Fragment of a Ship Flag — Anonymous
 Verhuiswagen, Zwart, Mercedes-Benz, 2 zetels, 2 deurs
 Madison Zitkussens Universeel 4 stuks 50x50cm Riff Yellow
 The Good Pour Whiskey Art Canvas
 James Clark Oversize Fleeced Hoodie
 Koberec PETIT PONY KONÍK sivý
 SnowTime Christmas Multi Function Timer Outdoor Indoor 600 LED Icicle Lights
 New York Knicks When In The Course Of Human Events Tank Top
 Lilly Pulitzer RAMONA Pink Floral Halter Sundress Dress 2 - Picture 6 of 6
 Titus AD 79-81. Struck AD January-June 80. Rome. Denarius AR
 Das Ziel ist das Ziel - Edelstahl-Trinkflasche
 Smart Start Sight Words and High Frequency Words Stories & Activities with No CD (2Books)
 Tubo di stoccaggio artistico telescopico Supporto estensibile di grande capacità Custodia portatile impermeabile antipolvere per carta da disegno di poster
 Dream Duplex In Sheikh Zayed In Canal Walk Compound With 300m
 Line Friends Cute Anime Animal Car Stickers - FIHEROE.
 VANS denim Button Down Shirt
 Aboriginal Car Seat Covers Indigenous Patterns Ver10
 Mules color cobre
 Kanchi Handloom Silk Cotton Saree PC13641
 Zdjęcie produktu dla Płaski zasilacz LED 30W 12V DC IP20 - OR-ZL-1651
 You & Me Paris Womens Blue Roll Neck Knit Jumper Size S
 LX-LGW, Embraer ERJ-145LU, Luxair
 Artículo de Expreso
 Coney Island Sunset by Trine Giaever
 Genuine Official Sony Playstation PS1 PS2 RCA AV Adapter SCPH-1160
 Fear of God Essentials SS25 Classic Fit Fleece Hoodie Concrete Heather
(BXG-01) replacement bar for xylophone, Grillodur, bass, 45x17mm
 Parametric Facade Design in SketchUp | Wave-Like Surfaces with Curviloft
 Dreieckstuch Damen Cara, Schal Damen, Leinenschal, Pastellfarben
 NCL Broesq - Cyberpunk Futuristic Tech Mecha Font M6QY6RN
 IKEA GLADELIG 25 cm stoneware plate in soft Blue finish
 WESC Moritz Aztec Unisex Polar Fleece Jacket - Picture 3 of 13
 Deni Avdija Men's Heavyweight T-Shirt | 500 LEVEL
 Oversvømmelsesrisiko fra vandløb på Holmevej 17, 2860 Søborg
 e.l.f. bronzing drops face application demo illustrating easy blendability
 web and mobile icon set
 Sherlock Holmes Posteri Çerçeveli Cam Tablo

+-------+

§ What the exercise asks
Repeat every entry exactly, please.

§ Response to the task
Fragment of a Ship Flag — Anonymous
 Verhuiswagen, Zwart, Mercedes-Benz, 2 zetels, 2 deurs
 Madison Zitkussens Universeel 4 stuks 50x50cm Riff Yellow
 The Good Pour Whiskey Art Canvas
 James Clark Oversize Fleeced Hoodie
 Koberec PETIT PONY KONÍK sivý
 SnowTime Christmas Multi Function Timer Outdoor Indoor 600 LED Icicle Lights
 New York Knicks When In The Course Of Human Events Tank Top
 Lilly Pulitzer RAMONA Pink Floral Halter Sundress Dress 2 - Picture 6 of 6
 Titus AD 79-81. Struck AD January-June 80. Rome. Denarius AR
 Das Ziel ist das Ziel - Edelstahl-Trinkflasche
 Smart Start Sight Words and High Frequency Words Stories & Activities with No CD (2Books)
 Tubo di stoccaggio artistico telescopico Supporto estensibile di grande capacità Custodia portatile impermeabile antipolvere per carta da disegno di poster
 Dream Duplex In Sheikh Zayed In Canal Walk Compound With 300m
 Line Friends Cute Anime Animal Car Stickers - FIHEROE.
 VANS denim Button Down Shirt
 Aboriginal Car Seat Covers Indigenous Patterns Ver10
 Mules color cobre
 Kanchi Handloom Silk Cotton Saree PC13641
 Zdjęcie produktu dla Płaski zasilacz LED 30W 12V DC IP20 - OR-ZL-1651
 You & Me Paris Womens Blue Roll Neck Knit Jumper Size S
 LX-LGW, Embraer ERJ-145LU, Luxair
 Artículo de Expreso
 Coney Island Sunset by Trine Giaever
 Genuine Official Sony Playstation PS1 PS2 RCA AV Adapter SCPH-1160
 Fear of God Essentials SS25 Classic Fit Fleece Hoodie Concrete Heather
(BXG-01) replacement bar for xylophone, Grillodur, bass, 45x17mm
 Parametric Facade Design in SketchUp | Wave-Like Surfaces with Curviloft
 Dreieckstuch Damen Cara, Schal Damen, Leinenschal, Pastellfarben
 NCL Broesq - Cyberpunk Futuristic Tech Mecha Font M6QY6RN
 IKEA GLADELIG 25 cm stoneware plate in soft Blue finish
 WESC Moritz Aztec Unisex Polar Fleece Jacket - Picture 3 of 13
 Deni Avdija Men's Heavyweight T-Shirt | 500 LEVEL
 Oversvømmelsesrisiko fra vandløb på Holmevej 17, 2860 Søborg
 e.l.f. bronzing drops face application demo illustrating easy blendability
 web and mobile icon set
 Sherlock Holmes Posteri Çerçeveli Cam Tablo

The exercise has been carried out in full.